INFORMATION SUPPLIED =
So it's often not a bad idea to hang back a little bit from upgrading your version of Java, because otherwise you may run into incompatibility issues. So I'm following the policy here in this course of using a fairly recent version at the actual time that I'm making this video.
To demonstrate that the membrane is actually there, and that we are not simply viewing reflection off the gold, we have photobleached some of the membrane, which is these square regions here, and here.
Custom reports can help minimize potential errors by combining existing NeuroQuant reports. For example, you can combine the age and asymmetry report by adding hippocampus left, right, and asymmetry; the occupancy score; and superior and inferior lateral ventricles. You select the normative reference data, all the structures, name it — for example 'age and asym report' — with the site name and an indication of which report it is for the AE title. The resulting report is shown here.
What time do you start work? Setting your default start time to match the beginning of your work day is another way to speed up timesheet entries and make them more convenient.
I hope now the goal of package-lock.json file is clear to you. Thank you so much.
* * *
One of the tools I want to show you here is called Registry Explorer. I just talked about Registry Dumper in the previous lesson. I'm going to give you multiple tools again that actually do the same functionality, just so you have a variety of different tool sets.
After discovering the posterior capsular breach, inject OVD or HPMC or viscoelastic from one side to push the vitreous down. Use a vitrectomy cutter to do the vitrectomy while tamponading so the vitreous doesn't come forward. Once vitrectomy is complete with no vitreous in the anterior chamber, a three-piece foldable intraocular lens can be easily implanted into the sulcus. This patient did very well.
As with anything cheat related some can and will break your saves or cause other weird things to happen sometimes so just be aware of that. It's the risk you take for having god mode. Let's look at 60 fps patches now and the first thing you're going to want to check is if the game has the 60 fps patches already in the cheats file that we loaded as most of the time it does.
--
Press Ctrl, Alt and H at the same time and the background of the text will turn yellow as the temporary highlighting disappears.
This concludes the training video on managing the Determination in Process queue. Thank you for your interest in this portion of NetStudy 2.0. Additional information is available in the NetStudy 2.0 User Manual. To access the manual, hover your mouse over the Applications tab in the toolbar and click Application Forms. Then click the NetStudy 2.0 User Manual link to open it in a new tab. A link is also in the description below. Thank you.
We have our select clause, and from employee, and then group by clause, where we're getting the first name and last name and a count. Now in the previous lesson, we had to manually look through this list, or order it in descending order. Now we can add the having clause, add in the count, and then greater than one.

TASK GOAL =
Each line of the entries above that has the word "will" is to be copied.

RESULT =
As with anything cheat related some can and will break your saves or cause other weird things to happen sometimes so just be aware of that. It's the risk you take for having god mode. Let's look at 60 fps patches now and the first thing you're going to want to check is if the game has the 60 fps patches already in the cheats file that we loaded as most of the time it does.
Press Ctrl, Alt and H at the same time and the background of the text will turn yellow as the temporary highlighting disappears.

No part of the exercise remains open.